Which of the following is the formula that is used to calculate the area of a regular 𝑛-sided polygon with side length 𝑥? Is it option (A) 𝑛𝑥 squared divided by four times the cot of 𝜋 by 𝑛? Option (B) 𝑛𝑥 squared divided by four times the tan of 𝜋 by 𝑛. Is it option (C) 𝑛𝑥 squared divided by two tan of 𝜋 by 𝑛? Option (D) 𝑛𝑥 divided by four tan of 𝜋 by 𝑛. Or is it option (E) 𝑛𝑥 squared divided by four times the tan of 𝜋?
In this question, we’re asked to recall which of five given options is the formula for calculating the area of a regular 𝑛-sided polygon with side length 𝑥. And of course, we could just answer this question by recalling the formula for the area of a regular polygon. We recall the area of a regular 𝑛-sided polygon of side length 𝑥 with internal angle measured in radians is given by 𝑛𝑥 squared multiplied by the cot of 𝜋 by 𝑛.

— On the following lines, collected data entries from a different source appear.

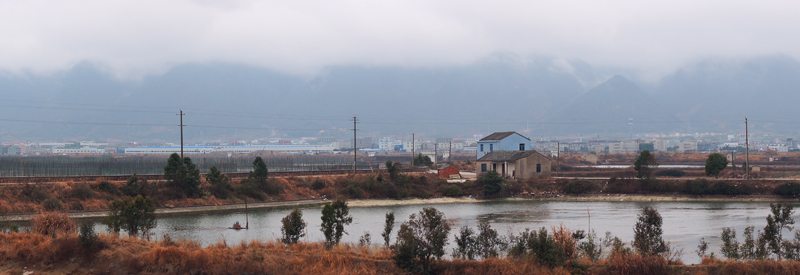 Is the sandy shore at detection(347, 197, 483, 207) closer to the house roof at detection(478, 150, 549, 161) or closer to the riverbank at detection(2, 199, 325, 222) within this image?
the riverbank at detection(2, 199, 325, 222)

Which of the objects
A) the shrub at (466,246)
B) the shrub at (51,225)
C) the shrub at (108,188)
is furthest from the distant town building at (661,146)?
the shrub at (51,225)

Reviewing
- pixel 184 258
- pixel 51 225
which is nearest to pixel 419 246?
pixel 184 258

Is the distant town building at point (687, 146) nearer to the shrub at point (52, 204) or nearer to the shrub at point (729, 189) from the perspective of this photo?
the shrub at point (729, 189)

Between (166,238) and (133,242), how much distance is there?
0.87 meters

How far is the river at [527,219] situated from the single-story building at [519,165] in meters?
9.27

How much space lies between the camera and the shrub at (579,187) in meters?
49.3

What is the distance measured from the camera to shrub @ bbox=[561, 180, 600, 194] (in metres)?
49.3

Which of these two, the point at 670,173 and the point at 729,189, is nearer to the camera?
the point at 729,189

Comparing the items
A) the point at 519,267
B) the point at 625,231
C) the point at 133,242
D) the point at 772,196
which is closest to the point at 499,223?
the point at 625,231

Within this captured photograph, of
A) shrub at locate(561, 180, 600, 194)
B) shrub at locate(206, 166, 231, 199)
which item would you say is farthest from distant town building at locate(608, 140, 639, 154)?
shrub at locate(206, 166, 231, 199)

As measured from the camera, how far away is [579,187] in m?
49.8

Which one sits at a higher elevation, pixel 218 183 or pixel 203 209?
pixel 218 183

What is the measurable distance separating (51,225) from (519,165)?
40442 millimetres

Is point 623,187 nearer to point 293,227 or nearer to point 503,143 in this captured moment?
point 503,143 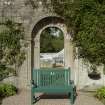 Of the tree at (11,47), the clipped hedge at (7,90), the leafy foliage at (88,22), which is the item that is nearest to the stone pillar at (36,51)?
the tree at (11,47)

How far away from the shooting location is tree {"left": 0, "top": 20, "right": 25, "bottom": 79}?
1289 cm

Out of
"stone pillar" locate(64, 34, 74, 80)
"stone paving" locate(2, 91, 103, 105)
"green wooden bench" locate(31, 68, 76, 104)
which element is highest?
"stone pillar" locate(64, 34, 74, 80)

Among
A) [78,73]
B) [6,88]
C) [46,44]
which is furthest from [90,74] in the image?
[6,88]

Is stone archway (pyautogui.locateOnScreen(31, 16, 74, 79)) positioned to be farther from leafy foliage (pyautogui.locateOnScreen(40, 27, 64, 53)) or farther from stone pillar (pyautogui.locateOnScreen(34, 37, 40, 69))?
leafy foliage (pyautogui.locateOnScreen(40, 27, 64, 53))

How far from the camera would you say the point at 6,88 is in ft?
39.0

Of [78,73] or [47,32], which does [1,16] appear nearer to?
[47,32]

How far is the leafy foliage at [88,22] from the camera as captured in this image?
1216cm

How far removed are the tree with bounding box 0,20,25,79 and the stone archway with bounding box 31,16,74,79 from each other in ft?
1.96

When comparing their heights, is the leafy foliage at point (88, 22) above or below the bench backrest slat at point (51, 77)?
above

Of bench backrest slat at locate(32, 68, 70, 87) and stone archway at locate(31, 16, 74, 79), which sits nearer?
bench backrest slat at locate(32, 68, 70, 87)

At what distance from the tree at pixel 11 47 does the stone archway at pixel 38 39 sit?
1.96 ft

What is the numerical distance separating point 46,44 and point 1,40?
214cm

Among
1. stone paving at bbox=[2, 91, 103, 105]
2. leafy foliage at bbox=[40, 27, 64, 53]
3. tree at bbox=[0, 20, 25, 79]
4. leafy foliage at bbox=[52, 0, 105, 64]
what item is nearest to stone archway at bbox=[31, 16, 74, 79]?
leafy foliage at bbox=[40, 27, 64, 53]

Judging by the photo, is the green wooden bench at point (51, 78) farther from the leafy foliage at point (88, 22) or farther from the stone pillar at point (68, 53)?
the stone pillar at point (68, 53) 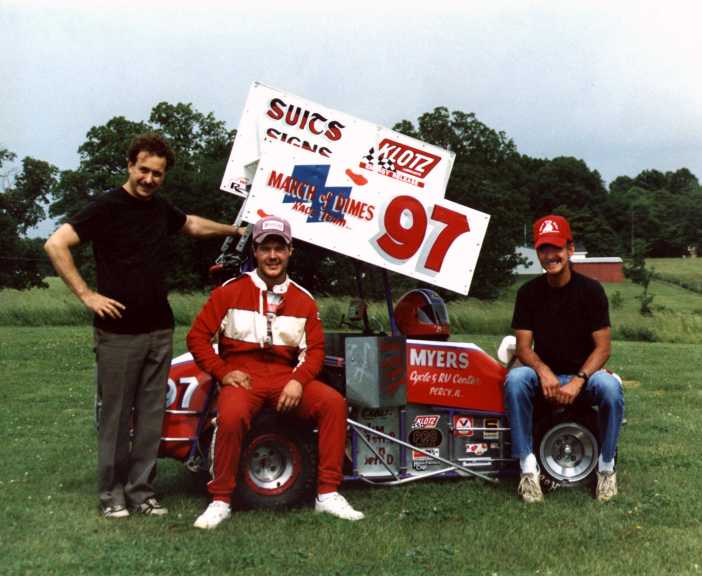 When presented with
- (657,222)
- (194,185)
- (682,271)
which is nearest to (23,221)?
(194,185)

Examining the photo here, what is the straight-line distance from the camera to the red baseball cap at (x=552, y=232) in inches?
227

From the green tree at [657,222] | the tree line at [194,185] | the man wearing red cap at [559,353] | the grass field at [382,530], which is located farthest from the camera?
the green tree at [657,222]

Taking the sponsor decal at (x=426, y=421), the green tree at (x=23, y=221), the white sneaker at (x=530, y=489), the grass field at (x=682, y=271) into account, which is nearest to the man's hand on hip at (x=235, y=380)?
the sponsor decal at (x=426, y=421)

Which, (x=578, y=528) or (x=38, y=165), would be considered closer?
(x=578, y=528)

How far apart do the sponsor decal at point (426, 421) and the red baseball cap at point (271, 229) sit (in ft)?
5.12

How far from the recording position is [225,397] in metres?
5.15

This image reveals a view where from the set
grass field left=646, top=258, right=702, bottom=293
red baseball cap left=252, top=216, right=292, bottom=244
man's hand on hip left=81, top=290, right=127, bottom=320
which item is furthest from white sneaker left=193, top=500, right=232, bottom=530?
grass field left=646, top=258, right=702, bottom=293

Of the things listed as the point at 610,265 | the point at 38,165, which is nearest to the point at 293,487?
the point at 38,165

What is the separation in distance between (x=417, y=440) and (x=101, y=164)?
51269 millimetres

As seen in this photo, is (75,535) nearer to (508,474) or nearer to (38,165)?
(508,474)

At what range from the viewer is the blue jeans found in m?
5.70

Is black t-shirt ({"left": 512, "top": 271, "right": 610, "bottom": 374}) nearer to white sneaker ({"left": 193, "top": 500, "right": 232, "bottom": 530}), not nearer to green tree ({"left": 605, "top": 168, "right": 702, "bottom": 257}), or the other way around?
white sneaker ({"left": 193, "top": 500, "right": 232, "bottom": 530})

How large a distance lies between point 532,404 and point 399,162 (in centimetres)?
182

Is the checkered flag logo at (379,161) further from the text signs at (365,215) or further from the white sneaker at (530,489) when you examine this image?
the white sneaker at (530,489)
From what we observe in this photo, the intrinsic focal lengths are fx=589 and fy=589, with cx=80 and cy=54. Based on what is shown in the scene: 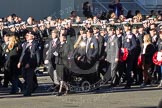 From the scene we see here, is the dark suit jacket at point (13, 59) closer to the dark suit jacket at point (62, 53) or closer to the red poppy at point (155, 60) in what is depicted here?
the dark suit jacket at point (62, 53)

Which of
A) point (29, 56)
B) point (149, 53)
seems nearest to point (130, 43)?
point (149, 53)

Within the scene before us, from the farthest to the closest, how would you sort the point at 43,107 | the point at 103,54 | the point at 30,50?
the point at 103,54 < the point at 30,50 < the point at 43,107

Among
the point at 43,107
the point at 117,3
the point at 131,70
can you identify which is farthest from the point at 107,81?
the point at 117,3

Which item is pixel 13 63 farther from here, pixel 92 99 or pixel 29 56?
pixel 92 99

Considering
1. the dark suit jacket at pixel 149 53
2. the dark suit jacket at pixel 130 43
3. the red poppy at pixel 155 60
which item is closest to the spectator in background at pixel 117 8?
the dark suit jacket at pixel 149 53

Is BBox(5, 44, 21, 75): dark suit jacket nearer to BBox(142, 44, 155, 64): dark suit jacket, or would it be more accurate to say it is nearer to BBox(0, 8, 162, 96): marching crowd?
BBox(0, 8, 162, 96): marching crowd

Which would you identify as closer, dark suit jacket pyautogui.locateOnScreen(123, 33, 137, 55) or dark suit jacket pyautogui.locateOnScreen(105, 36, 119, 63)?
dark suit jacket pyautogui.locateOnScreen(105, 36, 119, 63)

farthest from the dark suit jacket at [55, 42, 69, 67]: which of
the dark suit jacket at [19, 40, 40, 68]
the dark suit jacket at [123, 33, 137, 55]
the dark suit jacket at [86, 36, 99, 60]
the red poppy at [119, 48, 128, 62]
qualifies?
the dark suit jacket at [123, 33, 137, 55]

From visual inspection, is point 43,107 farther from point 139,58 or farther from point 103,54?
point 139,58

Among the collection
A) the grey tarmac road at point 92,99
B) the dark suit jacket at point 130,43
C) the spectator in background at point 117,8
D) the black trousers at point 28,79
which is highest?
the spectator in background at point 117,8

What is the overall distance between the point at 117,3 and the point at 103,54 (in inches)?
470

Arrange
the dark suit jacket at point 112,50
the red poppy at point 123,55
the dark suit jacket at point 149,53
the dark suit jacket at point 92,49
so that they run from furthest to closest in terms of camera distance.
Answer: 1. the dark suit jacket at point 149,53
2. the red poppy at point 123,55
3. the dark suit jacket at point 112,50
4. the dark suit jacket at point 92,49

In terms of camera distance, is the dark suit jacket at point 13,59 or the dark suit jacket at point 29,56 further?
the dark suit jacket at point 13,59

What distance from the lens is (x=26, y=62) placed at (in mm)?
15617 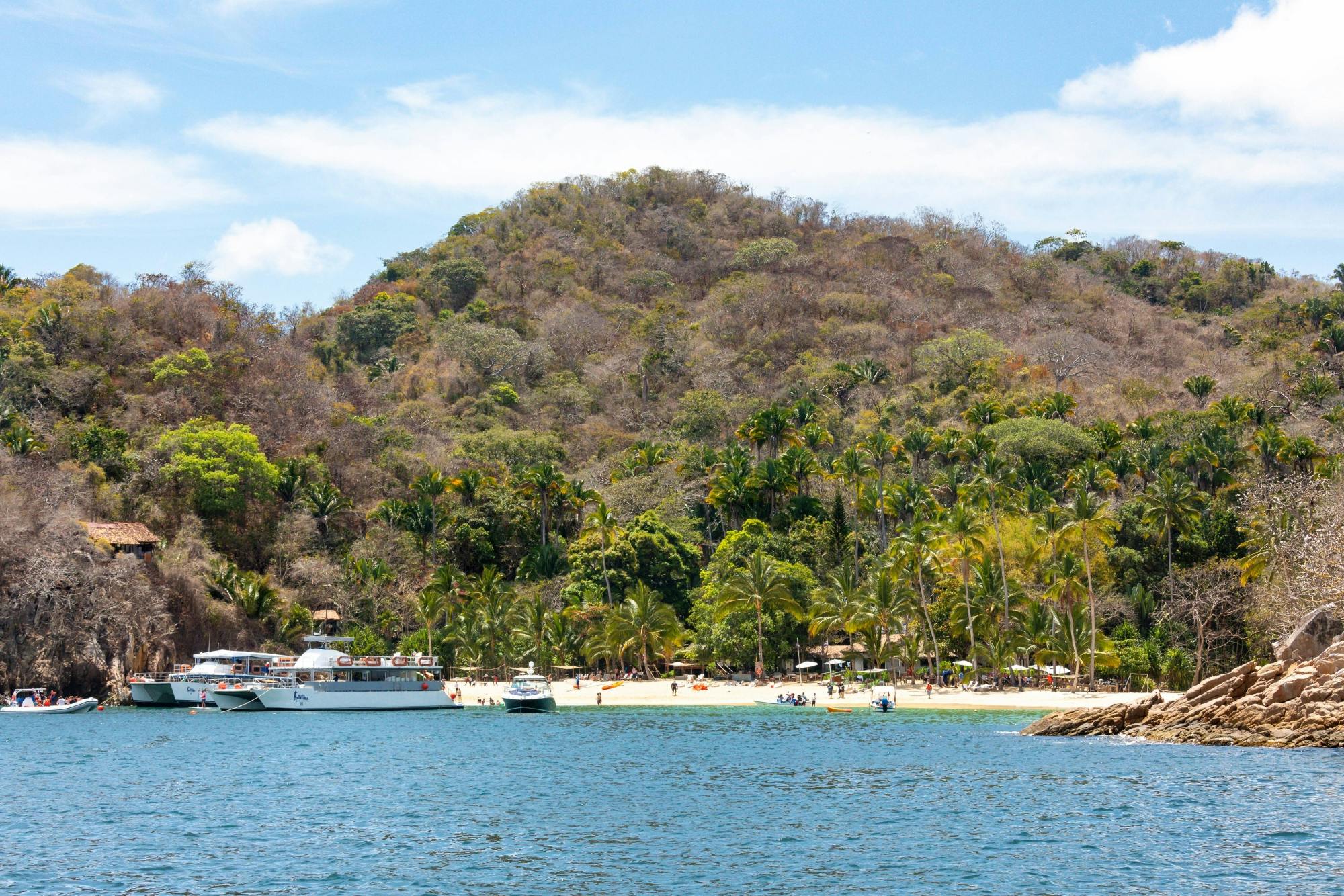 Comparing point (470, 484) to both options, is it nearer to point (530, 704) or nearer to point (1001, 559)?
point (530, 704)

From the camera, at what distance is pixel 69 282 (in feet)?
319

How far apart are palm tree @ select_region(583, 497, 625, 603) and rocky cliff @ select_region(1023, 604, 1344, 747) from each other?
35593 mm

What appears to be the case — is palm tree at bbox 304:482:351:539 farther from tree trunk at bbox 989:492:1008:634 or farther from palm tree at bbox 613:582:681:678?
tree trunk at bbox 989:492:1008:634

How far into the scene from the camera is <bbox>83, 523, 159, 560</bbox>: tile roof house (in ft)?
238

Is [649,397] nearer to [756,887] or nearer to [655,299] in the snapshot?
[655,299]

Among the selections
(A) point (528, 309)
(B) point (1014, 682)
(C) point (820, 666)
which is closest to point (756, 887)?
(B) point (1014, 682)

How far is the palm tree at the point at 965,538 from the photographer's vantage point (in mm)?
66500

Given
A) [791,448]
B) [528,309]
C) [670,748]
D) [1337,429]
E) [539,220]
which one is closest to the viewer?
[670,748]

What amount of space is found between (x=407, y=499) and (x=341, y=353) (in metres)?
42.0

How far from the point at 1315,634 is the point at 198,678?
2241 inches

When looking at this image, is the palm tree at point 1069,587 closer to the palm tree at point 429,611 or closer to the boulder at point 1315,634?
the boulder at point 1315,634

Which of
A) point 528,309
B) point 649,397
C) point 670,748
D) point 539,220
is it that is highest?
point 539,220

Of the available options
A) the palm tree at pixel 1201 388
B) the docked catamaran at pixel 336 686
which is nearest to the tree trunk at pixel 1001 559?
the docked catamaran at pixel 336 686

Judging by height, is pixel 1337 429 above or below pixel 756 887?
above
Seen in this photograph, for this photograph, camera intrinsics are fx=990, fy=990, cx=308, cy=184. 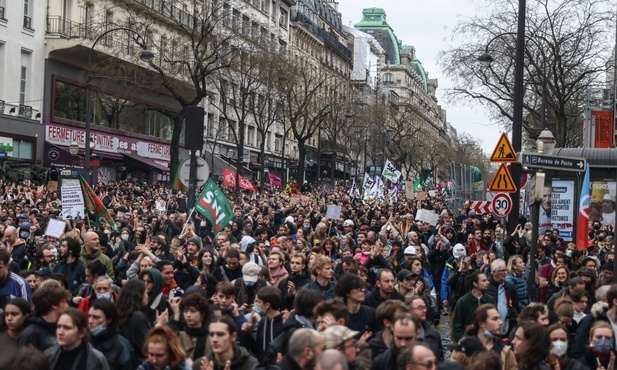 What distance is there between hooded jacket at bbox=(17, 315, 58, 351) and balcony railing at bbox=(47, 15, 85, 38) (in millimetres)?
36982

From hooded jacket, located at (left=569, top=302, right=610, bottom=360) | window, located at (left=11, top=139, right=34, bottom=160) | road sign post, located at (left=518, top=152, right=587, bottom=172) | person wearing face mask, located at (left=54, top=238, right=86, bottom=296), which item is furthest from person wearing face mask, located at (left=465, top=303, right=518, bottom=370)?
window, located at (left=11, top=139, right=34, bottom=160)

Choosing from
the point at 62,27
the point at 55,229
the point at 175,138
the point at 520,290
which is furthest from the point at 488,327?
the point at 62,27

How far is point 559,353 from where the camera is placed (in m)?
7.23

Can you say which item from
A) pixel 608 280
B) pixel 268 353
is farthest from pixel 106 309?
pixel 608 280

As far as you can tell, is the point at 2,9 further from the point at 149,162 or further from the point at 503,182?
the point at 503,182

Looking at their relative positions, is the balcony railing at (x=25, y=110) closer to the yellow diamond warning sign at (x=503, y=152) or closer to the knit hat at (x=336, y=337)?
the yellow diamond warning sign at (x=503, y=152)

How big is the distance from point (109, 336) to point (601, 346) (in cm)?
374

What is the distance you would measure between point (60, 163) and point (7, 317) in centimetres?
3640

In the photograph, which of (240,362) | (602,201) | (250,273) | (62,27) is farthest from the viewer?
(62,27)

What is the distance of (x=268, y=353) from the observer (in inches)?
280

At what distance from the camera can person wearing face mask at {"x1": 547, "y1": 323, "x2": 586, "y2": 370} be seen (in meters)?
7.09

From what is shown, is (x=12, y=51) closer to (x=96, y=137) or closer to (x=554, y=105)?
(x=96, y=137)

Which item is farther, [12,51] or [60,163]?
[60,163]

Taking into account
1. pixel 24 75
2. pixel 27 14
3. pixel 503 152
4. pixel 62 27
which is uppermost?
pixel 27 14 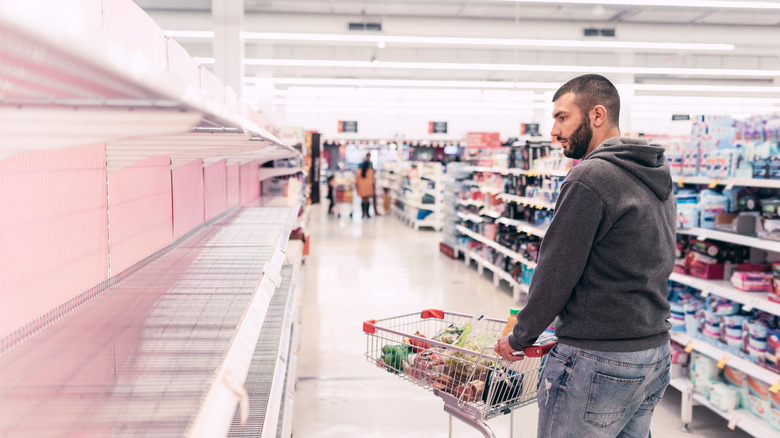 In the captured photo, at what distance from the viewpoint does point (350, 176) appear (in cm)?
2662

And this is not exactly the same as any of the five given options. However, we can rewrite this by recalling multiplying by the cotangent of an angle is the same as dividing by the tangent of an angle. This then gives us 𝑛𝑥 squared divided by four times the tan of 𝜋 by 𝑛, which we can see is option (B). And we could stop here since it’s very useful to commit this formula to memory. However, it’s also useful to see where this formula comes from.
So let’s derive this formula by considering a regular pentagon with side length 𝑥. And before we start with this proof, it’s worth noting this proof generalizes to any regular 𝑛-sided polygon. However, we’re just going to consider a pentagon in this case. To find the area of this pentagon, we’re going to split the pentagon into five triangles. We’re going to do this by connecting each of the vertices of this pentagon to the center of the pentagon. And at this point, there’s many different ways of showing all five of these triangles are congruent.
One way is to note that each line from the vertex to the center of the pentagon is a perpendicular bisector of the interior angle of the pentagon. Therefore, all of these angles are equal. And of course, we know we have a regular pentagon. So all of the side lengths of the pentagon are side length 𝑥. And then by using the angle–side–angle criterion, we can show all five of these triangles are congruent. In particular, we can also show that all five of these triangles are isosceles because they have two equal angles. Since these five triangles make up the pentagon and they’re all congruent, the area of the pentagon is five times the area of one of these triangles.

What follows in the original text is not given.